The Soviet Union was a peaceful place. The rate of violent crime was relatively low. Though the Union encompassed 11 time zones and vastly different cultural backgrounds, the people did not engage in civil wars. It was directly engaged in few "hot" wars over decades. They often declared that they were a nation of peace. That fits the definition of peace as the absence of war and violent crime. Anyone who knows the history of the Soviet Union, however, recognizes that this definition twists the truth beyond recognition. The Soviet Union was an extremely violent, often-terrifying place where people were seized in the middle of the night by government agents, never to be seen again. The Gulag system became the permanent, though usually short-lived, home for millions of miserable individuals who had become enemies of "the people", which really meant they did something that someone didn't like or that wasn't politically acceptable.

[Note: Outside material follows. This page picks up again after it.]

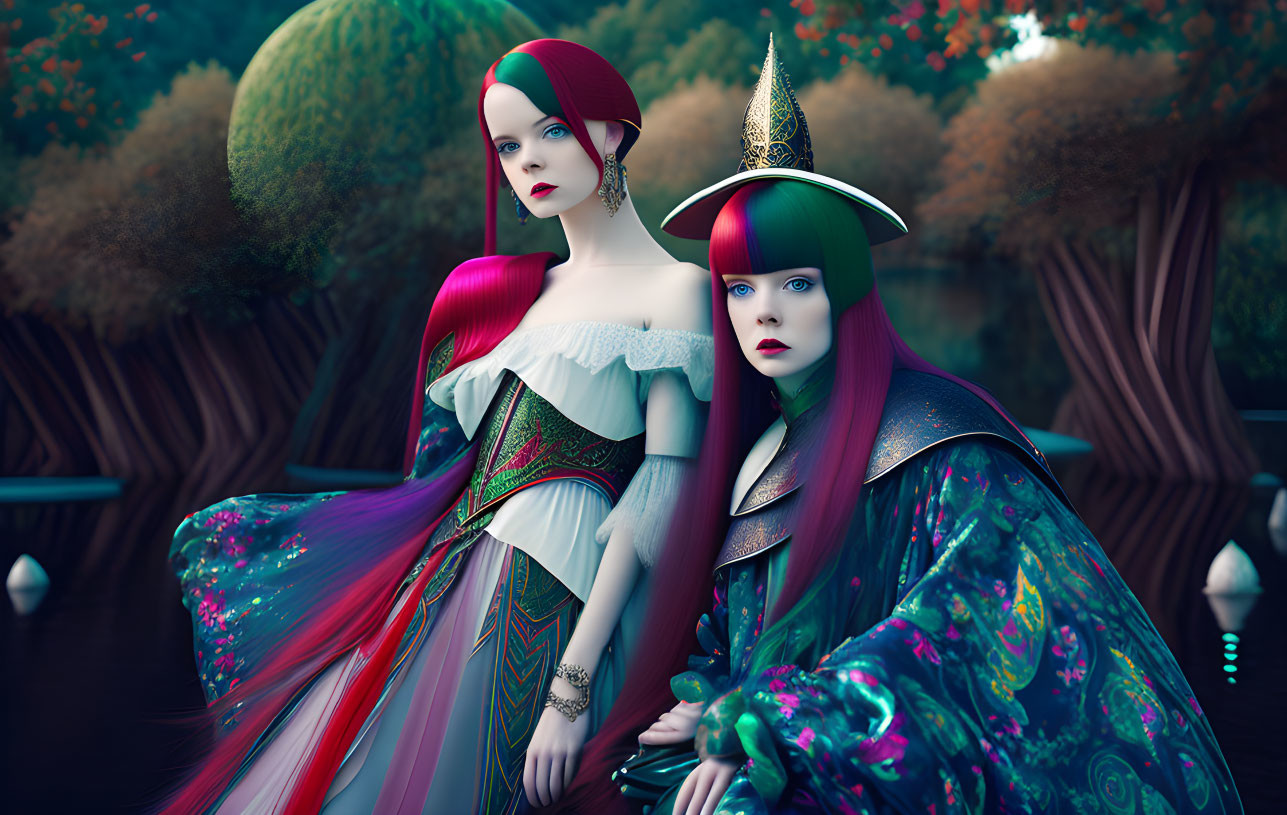 Whimsical female figures in vibrant fantasy costumes in surreal forest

The Soviet state apparatus was all about keeping peace. The means that it used was violence. Any activity that had even a remote possibility of undermining State power was outlawed. So many things were made illegal that it was always possible to charge any person with a crime. Nobody knew who was working for the Secret Police. Human beings were not individuals, but merely tiny atoms in the organism called "the people," expendable resources to be used by the leadership in furthering what they considered the common good. Thus, individuals had no rights against the state, which was their keeper and master. The people were, in essence, slaves of the state.

There are other meanings of peace, however. Peace of mind is an inner peace, which is an individual choice, a peace which can exist even in the face of external violence. It is an acceptance or one's self and conditions, keeping one's mind unburdened and free to think without worry or stress, even in war or prison camps.

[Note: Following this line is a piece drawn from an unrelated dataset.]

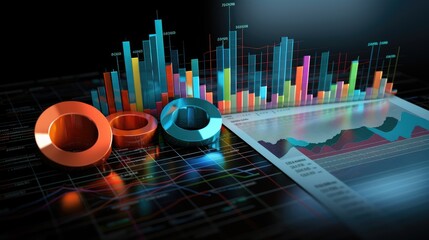 Statistic charts with data, AI generated Image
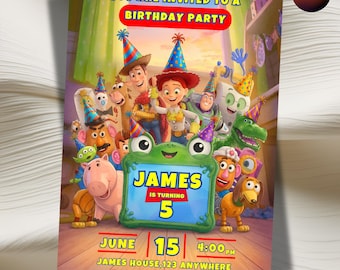 Toy Story 5 Birthday Invitation, Editable Toy Story Birthday Invite Digital Toy Story Invitation Digital Download Toy Story Theme Invite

Peace can also be understood as the true absence of aggressive violence and coercion. It encompasses the avoidance of war and state violence but goes much further. It is the respect of the rights of all other people. It is the understanding that people are born free, free to do anything that doesn't violate the same rights of other individuals. Thus the rights to life, liberty and property, described by philosopher John Locke 350 years ago and integrated into the fundamental principles of freedom in American society, are a framework for peaceful existence. If every individual respected the rights of every other individual to his or her life, liberty, and property, there would be no violence. Voluntary cooperation and trade enhances the lives and well-being of everyone in society. The historical evidence strongly supports that contention. Those viewed as poor in more-free countries are very much better off than the poor and even the middle class of countries lacking in the protection of life, liberty and property.

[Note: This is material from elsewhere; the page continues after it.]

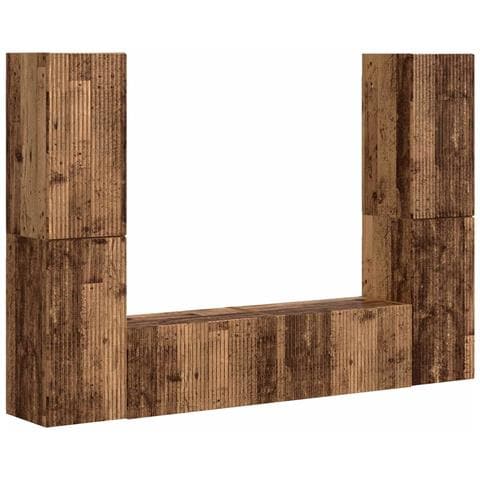 Set mobile TV 6 pcs Legno vecchio Legno multistrato - Foto 1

Our nation has become one which holds neither peace nor individual rights in high regard. Almost every law coming from the halls of the federal or the state governments is a restriction on the freedom of at least some Americans, a violation of the life, liberty, or property of one person or group in favor of another person or group. There is continual war-making and a consolidation of power in the hands of the elite, the members of which think their job is to manage the economy and society, much like the Soviet leadership did. In both cases, the rights and well-being of the individuals suffer, to the benefit of the influence and bank accounts of those who deign themselves master.

Americans do not need masters. They need the elimination of government protection for those who violate their rights, be they large corporations, abusive unions, or self-important bureaucrats. Voluntary society is a peaceful society. Failure is an inherent part of voluntary society and no organization is too big to fail. It is the discovery process for things which work and the elimination of the things which don't work. It is the source of progress in every society.

Coercive society introduces violence or threats of violence to get something at the expense of someone else. It is using government coercive power to keep failure in place. It is the destruction of progress.

A peace based on violence is not peace. Any peace worth keeping is where people are their own masters. That is the vision of a nation of freedom.